I guess that says alot. Before you get the wrong idea, even though I cannot read her mind and all I have is experience as a dating coach and have studied female psychology, I must say, when a girl gets a lot of attention and has a boyfriend she doesn't want to lose, she is not going to tell her boyfriend most of the times..
If she is saying all of this, its to get attention and probably a little bit of jealousy.
She most likely wants to feel wanted, and you are probably wussing out because you are afraid.
My advice:
Dont show too much jealousy, but show a little, every time she starts to scare you like she is successfully doing, ignore what she says and change the subject, act a little bit like a bad boy.
If she doesn't stop behaving like this, pull away, stop giving her attention as punishment.
She'll look for ur attention more and more, let her work for it.
Girls like ur girlfriend crave for attention, but get bored easily.
Let her work for it, and then as a reward give her what she wants (good sex, fantastic dates, etc).
Dont let her go overboard, but don't act like a psycho jealous bf. Just be polite and manly about having ur standards and if she doesn't go with it, ur ready to walk.
As long as she feels like you are ready to walk if she steps on ur boundaries even tho you like her alot, she will have her challenge and behave.
Cheers
Personally, when I go out dancing with the girls I don't want my boyfriend with me. Not because I'm doing anything bad or cheating in any form, but just because I want to laugh with the girls, drink girly stuff, dance, search out hot guys for my single friends to dance with etc. The kind of stuff I just don't do in mxed company because guys would probably be bored with the conversation/jokes and not really interested in checking out guys with my single friends. I'm a girl who has a lot of guy friends AND a boyfriend, so I rarely get the chance to go out with the girls and I enjoy it because it's just different from hanging out with my boyfriend and the guys, I can have a different kind of fun. Let's put it this way- if you have a guys' night out where you do all manner of ridiculous things (I've heard many stories about guys' nights from my friends) you don't want a girlfriend coming along, it just changes the mood/dynamic. Guys act different when they're out with just the guys and so do girls when they're with the girls. It doesn't mean we're doing anything horrible, we're just being utterly female without having to bridge the gap between the genders, as are guys when they go out. I say trust her until she gives you reason not to.
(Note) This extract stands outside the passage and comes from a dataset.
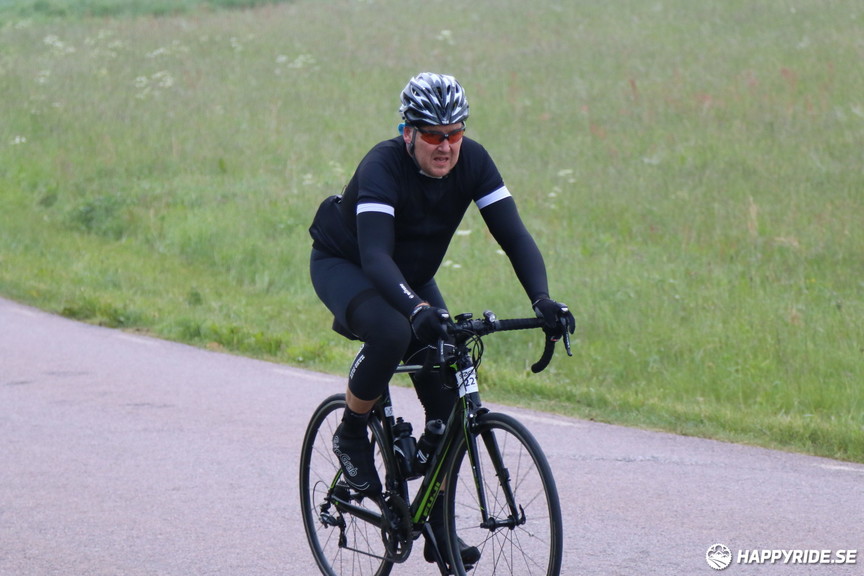 Bild från Vätternrundan 2017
i totally agree with her. its important to have different friends and go out separately to enjoy life. you should do the same and stop being so insecure. I dance with girls and guys when I go out to clubs and my girlfriend is a little jealous (Which I don't like) but not too much. she understands that those are her own personal hang ups and its not fair to insinuate that I'm cheating when she is just insecure. I did the same with my boyfriends in the past. like I let them go out clubbing and things like that but we set boundaries of course and talk about it. of course some of my exes didn't want to talk hear me talk about it because they said it would just make them jealous and think about it too much.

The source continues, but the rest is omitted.